### YOUR ASSIGNMENT:
The listing below should be written out exactly; please include all of it.
-------- DATA FOR REVIEW --------
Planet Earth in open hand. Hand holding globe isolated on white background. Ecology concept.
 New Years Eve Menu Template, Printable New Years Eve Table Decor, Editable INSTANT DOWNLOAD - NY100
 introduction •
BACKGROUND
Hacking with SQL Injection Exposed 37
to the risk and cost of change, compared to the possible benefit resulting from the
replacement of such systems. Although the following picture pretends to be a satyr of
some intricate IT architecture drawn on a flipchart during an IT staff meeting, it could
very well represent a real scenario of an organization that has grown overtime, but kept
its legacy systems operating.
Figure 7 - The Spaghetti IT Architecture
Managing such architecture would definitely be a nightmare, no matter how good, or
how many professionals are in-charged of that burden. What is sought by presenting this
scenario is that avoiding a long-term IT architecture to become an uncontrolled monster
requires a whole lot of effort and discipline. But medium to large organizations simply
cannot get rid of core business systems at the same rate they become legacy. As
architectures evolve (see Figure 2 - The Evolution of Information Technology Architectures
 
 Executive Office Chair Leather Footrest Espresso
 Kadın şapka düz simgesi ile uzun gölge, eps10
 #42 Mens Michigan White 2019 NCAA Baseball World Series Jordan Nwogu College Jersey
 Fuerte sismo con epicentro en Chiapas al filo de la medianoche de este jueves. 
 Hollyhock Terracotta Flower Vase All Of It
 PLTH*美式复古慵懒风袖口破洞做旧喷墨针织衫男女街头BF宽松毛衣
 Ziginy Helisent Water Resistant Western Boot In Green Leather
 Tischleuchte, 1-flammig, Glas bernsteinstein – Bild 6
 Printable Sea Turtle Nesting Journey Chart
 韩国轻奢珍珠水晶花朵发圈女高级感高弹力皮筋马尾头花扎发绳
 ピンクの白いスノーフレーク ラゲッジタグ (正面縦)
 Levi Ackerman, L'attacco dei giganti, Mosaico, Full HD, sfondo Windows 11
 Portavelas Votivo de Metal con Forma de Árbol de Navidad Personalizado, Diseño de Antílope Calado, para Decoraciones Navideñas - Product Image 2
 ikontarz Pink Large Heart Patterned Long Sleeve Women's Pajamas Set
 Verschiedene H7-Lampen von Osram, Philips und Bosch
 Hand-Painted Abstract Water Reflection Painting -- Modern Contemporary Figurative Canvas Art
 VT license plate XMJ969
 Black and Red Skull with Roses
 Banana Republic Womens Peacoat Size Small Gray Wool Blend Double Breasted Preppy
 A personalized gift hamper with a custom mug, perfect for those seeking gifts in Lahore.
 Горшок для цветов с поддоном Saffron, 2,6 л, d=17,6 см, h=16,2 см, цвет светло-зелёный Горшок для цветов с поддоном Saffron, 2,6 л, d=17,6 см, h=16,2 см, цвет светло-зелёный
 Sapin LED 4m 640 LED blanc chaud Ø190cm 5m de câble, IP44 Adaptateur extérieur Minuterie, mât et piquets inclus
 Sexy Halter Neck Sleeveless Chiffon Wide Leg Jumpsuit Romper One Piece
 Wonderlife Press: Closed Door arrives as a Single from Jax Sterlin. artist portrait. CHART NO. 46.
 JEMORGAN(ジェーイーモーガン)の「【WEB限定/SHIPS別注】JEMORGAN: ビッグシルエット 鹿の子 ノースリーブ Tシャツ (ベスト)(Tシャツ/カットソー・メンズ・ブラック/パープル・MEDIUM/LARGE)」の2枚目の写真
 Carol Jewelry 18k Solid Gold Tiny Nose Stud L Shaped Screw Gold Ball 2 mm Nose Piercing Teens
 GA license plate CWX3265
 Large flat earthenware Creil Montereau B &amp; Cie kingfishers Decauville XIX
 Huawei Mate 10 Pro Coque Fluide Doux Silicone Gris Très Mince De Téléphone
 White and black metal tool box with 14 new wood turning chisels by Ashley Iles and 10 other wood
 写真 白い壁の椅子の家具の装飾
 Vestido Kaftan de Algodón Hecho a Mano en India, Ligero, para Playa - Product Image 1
--------
### ANSWER SPACE:
Planet Earth in open hand. Hand holding globe isolated on white background. Ecology concept.
 New Years Eve Menu Template, Printable New Years Eve Table Decor, Editable INSTANT DOWNLOAD - NY100
 introduction •
BACKGROUND
Hacking with SQL Injection Exposed 37
to the risk and cost of change, compared to the possible benefit resulting from the
replacement of such systems. Although the following picture pretends to be a satyr of
some intricate IT architecture drawn on a flipchart during an IT staff meeting, it could
very well represent a real scenario of an organization that has grown overtime, but kept
its legacy systems operating.
Figure 7 - The Spaghetti IT Architecture
Managing such architecture would definitely be a nightmare, no matter how good, or
how many professionals are in-charged of that burden. What is sought by presenting this
scenario is that avoiding a long-term IT architecture to become an uncontrolled monster
requires a whole lot of effort and discipline. But medium to large organizations simply
cannot get rid of core business systems at the same rate they become legacy. As
architectures evolve (see Figure 2 - The Evolution of Information Technology Architectures
 
 Executive Office Chair Leather Footrest Espresso
 Kadın şapka düz simgesi ile uzun gölge, eps10
 #42 Mens Michigan White 2019 NCAA Baseball World Series Jordan Nwogu College Jersey
 Fuerte sismo con epicentro en Chiapas al filo de la medianoche de este jueves. 
 Hollyhock Terracotta Flower Vase All Of It
 PLTH*美式复古慵懒风袖口破洞做旧喷墨针织衫男女街头BF宽松毛衣
 Ziginy Helisent Water Resistant Western Boot In Green Leather
 Tischleuchte, 1-flammig, Glas bernsteinstein – Bild 6
 Printable Sea Turtle Nesting Journey Chart
 韩国轻奢珍珠水晶花朵发圈女高级感高弹力皮筋马尾头花扎发绳
 ピンクの白いスノーフレーク ラゲッジタグ (正面縦)
 Levi Ackerman, L'attacco dei giganti, Mosaico, Full HD, sfondo Windows 11
 Portavelas Votivo de Metal con Forma de Árbol de Navidad Personalizado, Diseño de Antílope Calado, para Decoraciones Navideñas - Product Image 2
 ikontarz Pink Large Heart Patterned Long Sleeve Women's Pajamas Set
 Verschiedene H7-Lampen von Osram, Philips und Bosch
 Hand-Painted Abstract Water Reflection Painting -- Modern Contemporary Figurative Canvas Art
 VT license plate XMJ969
 Black and Red Skull with Roses
 Banana Republic Womens Peacoat Size Small Gray Wool Blend Double Breasted Preppy
 A personalized gift hamper with a custom mug, perfect for those seeking gifts in Lahore.
 Горшок для цветов с поддоном Saffron, 2,6 л, d=17,6 см, h=16,2 см, цвет светло-зелёный Горшок для цветов с поддоном Saffron, 2,6 л, d=17,6 см, h=16,2 см, цвет светло-зелёный
 Sapin LED 4m 640 LED blanc chaud Ø190cm 5m de câble, IP44 Adaptateur extérieur Minuterie, mât et piquets inclus
 Sexy Halter Neck Sleeveless Chiffon Wide Leg Jumpsuit Romper One Piece
 Wonderlife Press: Closed Door arrives as a Single from Jax Sterlin. artist portrait. CHART NO. 46.
 JEMORGAN(ジェーイーモーガン)の「【WEB限定/SHIPS別注】JEMORGAN: ビッグシルエット 鹿の子 ノースリーブ Tシャツ (ベスト)(Tシャツ/カットソー・メンズ・ブラック/パープル・MEDIUM/LARGE)」の2枚目の写真
 Carol Jewelry 18k Solid Gold Tiny Nose Stud L Shaped Screw Gold Ball 2 mm Nose Piercing Teens
 GA license plate CWX3265
 Large flat earthenware Creil Montereau B &amp; Cie kingfishers Decauville XIX
 Huawei Mate 10 Pro Coque Fluide Doux Silicone Gris Très Mince De Téléphone
 White and black metal tool box with 14 new wood turning chisels by Ashley Iles and 10 other wood
 写真 白い壁の椅子の家具の装飾
 Vestido Kaftan de Algodón Hecho a Mano en India, Ligero, para Playa - Product Image 1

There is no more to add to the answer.